━━━ Available records ━━━

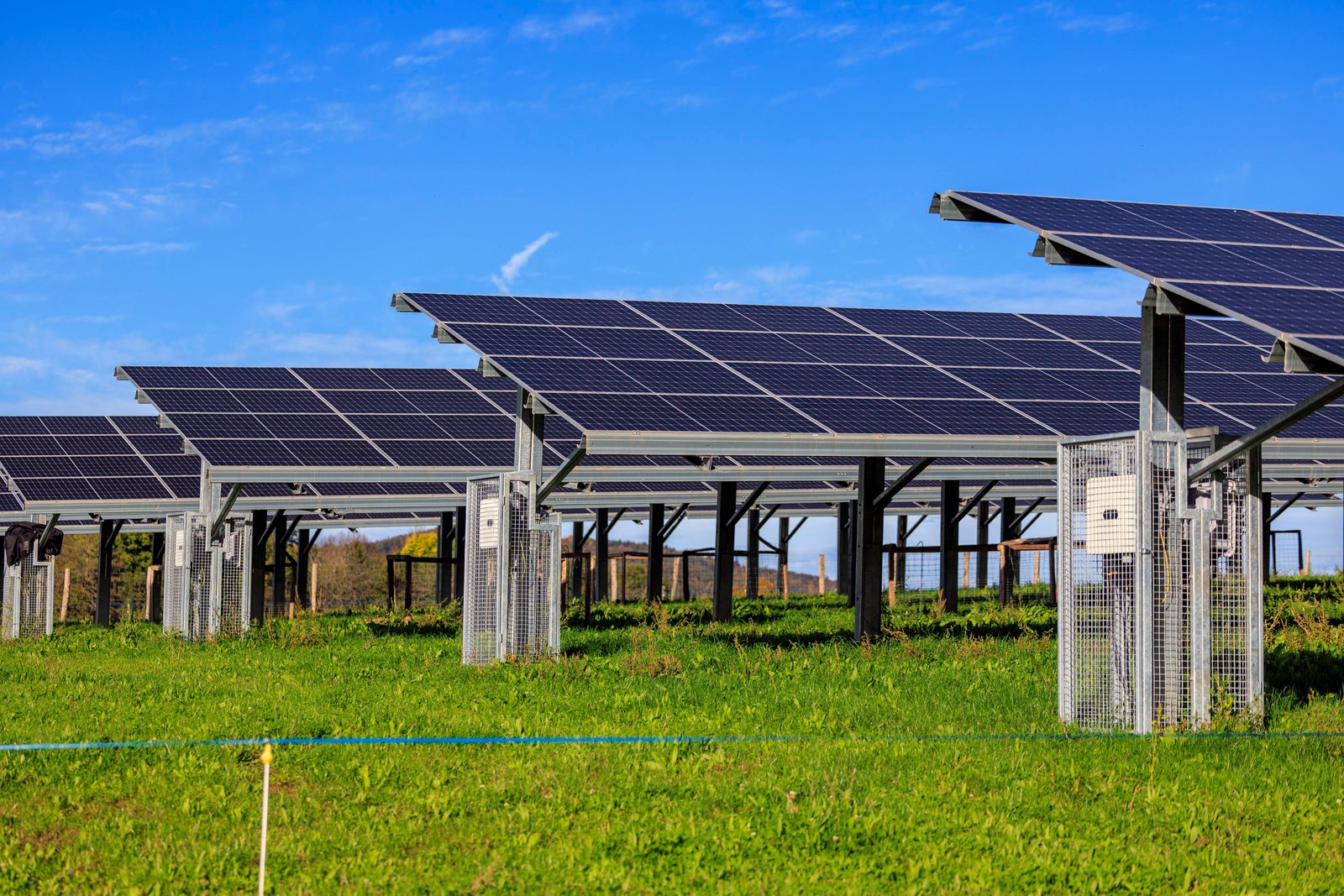 Panneaux solaires sur un bâtiment agricole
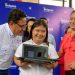 Entregan computadoras y tabletas en la zona oriental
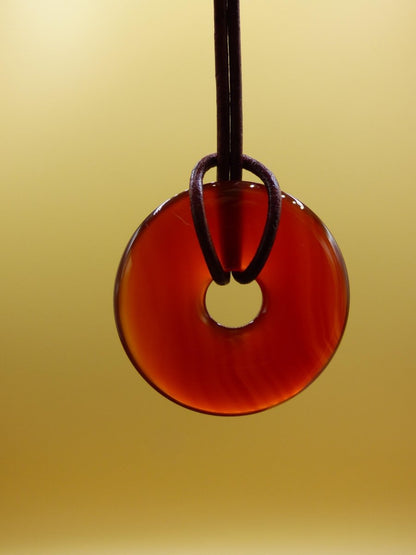 Carneol Carnelian Karneol - Edelstein Donut Kette 30mm rot Natur Heilstein Kristalle Anhänger Mann Frau Kind Geschenk Sie Bruder Schwester - Art of Nature Berlin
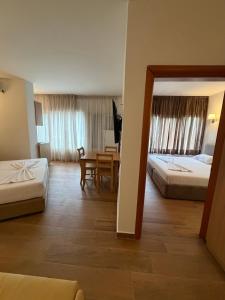 Blumont aparthotel durres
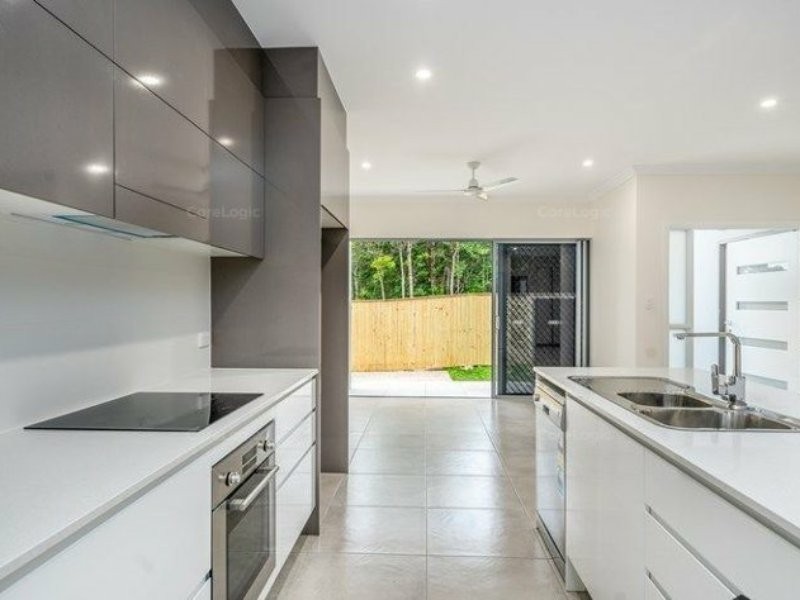 2/26 Eagleview close, Smithfield QLD 4878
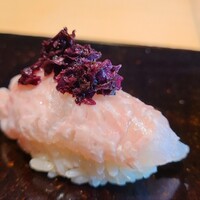 鮨 三心 - ⑪皮剥ぎ骨切り鱧(韓国産、雌)のつくね、紫蘇のベビーリーフ載せ
                    白海老の様な蕩ける食感、味わいは鱧の濃厚な脂の旨み、論文によると韓国産鱧は水温が低く成長が遅くて身体に脂を蓄える性質があるとか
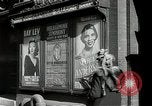 Immagine di I cartelloni presso la Carnegie Hall nel 1943 New York City USA, 1943, secondo 34 filmato di repertorio 65675026223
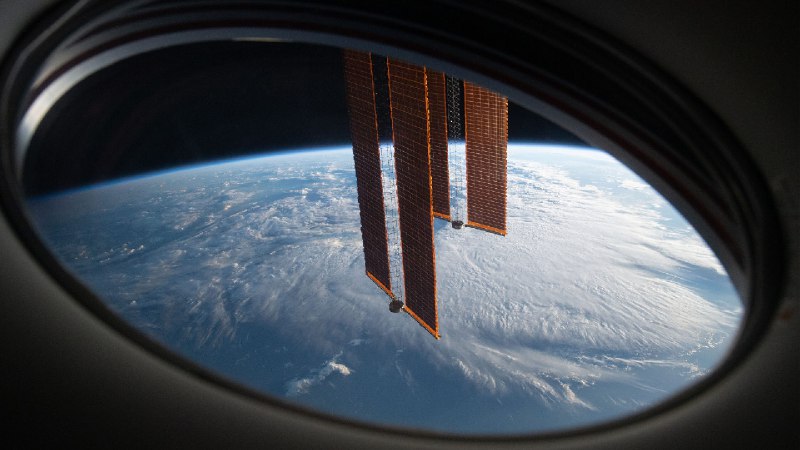 从SpaceX载人龙飞船“奋进号”视角看到的国际空间站主太阳能电池阵列 (© NASA)via Bing每日壁纸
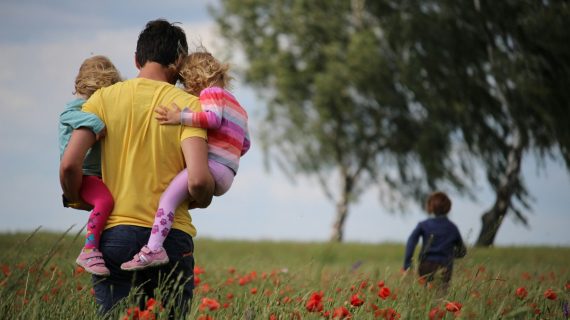 Batasan Dalam Memanjakan Anak: Peran Ayah dan Bunda yang Tepat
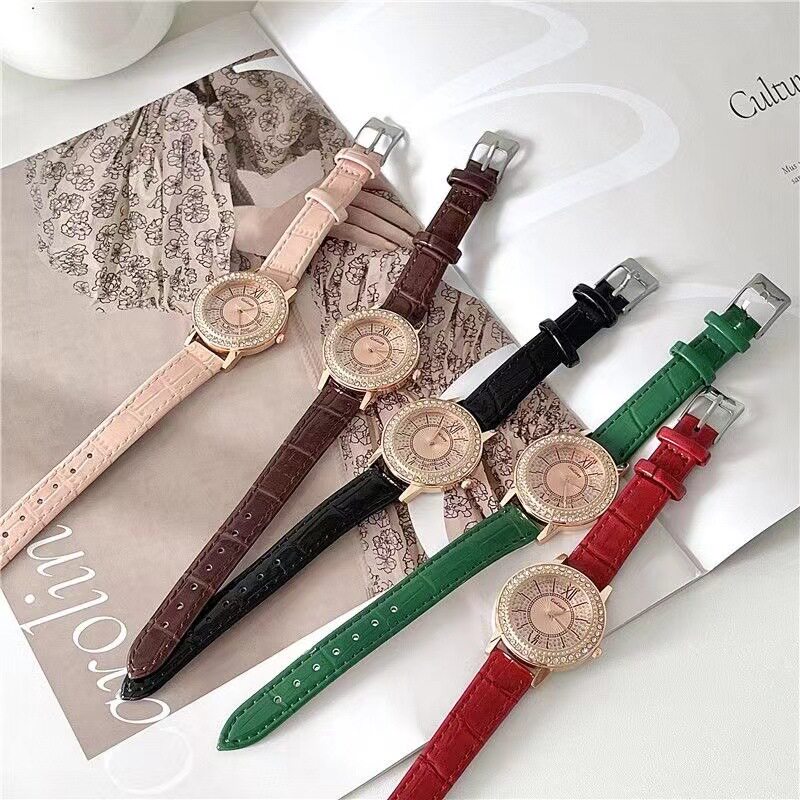 新品满天星镶钻女士石英手表女款皮带时尚考试礼物学生电子表气质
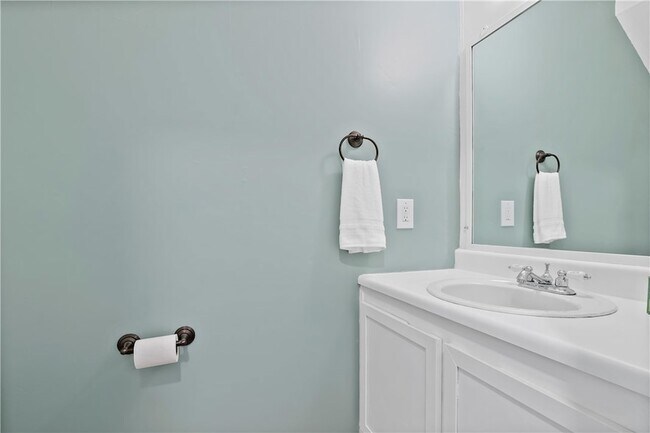 Building Photo - 1900 Dartmouth St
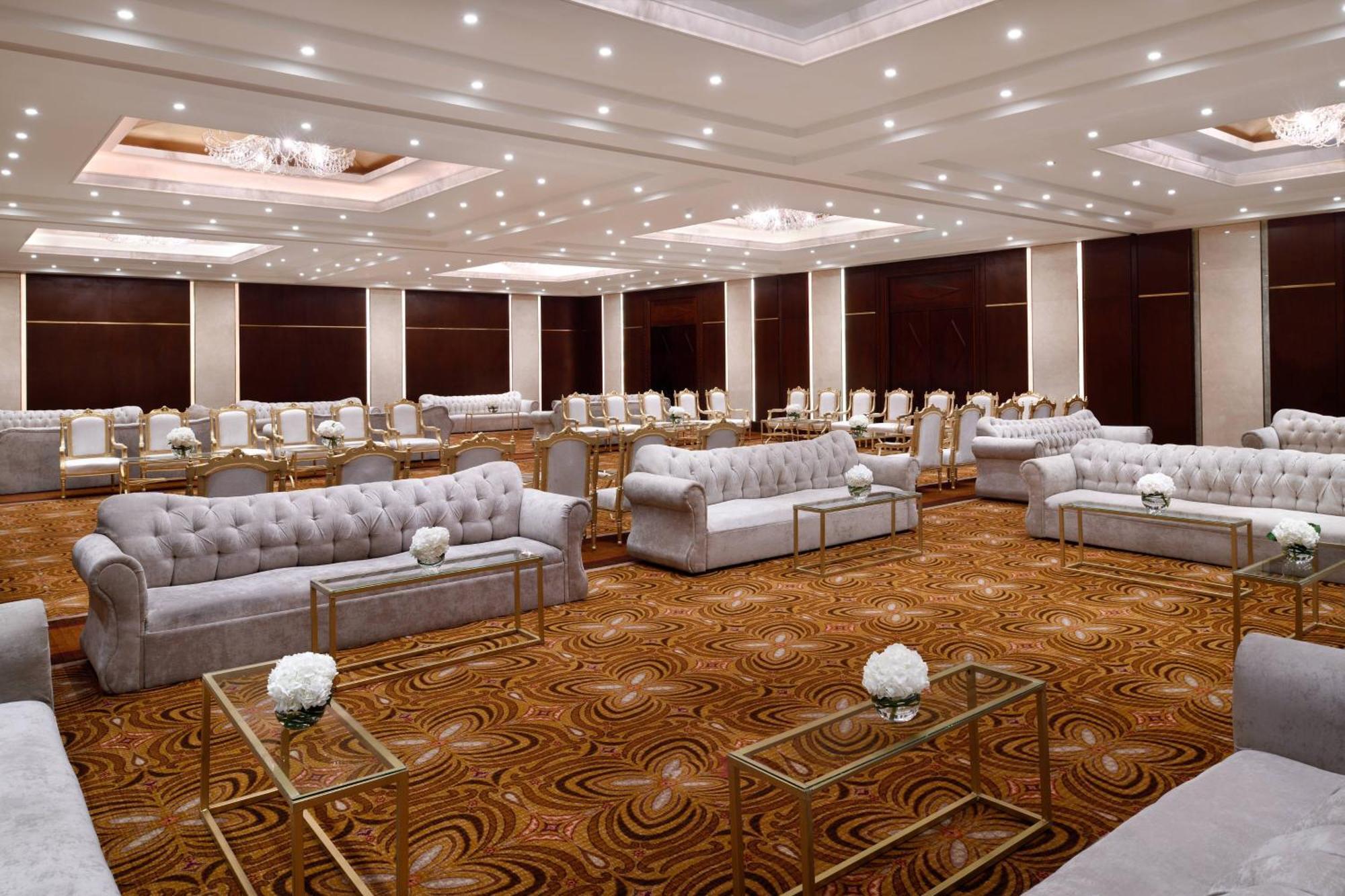 Riyadh Marriott Hotel Buitenkant foto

━━━

-- Your task --
Omit every picture, and otherwise quote the entries exactly.

-- Solution to this problem --
 Panneaux solaires sur un bâtiment agricole
 Entregan computadoras y tabletas en la zona oriental
 Carneol Carnelian Karneol - Edelstein Donut Kette 30mm rot Natur Heilstein Kristalle Anhänger Mann Frau Kind Geschenk Sie Bruder Schwester - Art of Nature Berlin
 Blumont aparthotel durres
 2/26 Eagleview close, Smithfield QLD 4878
 鮨 三心 - ⑪皮剥ぎ骨切り鱧(韓国産、雌)のつくね、紫蘇のベビーリーフ載せ
                    白海老の様な蕩ける食感、味わいは鱧の濃厚な脂の旨み、論文によると韓国産鱧は水温が低く成長が遅くて身体に脂を蓄える性質があるとか
 Immagine di I cartelloni presso la Carnegie Hall nel 1943 New York City USA, 1943, secondo 34 filmato di repertorio 65675026223
 从SpaceX载人龙飞船“奋进号”视角看到的国际空间站主太阳能电池阵列 (© NASA)via Bing每日壁纸
 Batasan Dalam Memanjakan Anak: Peran Ayah dan Bunda yang Tepat
 新品满天星镶钻女士石英手表女款皮带时尚考试礼物学生电子表气质
 Building Photo - 1900 Dartmouth St
 Riyadh Marriott Hotel Buitenkant foto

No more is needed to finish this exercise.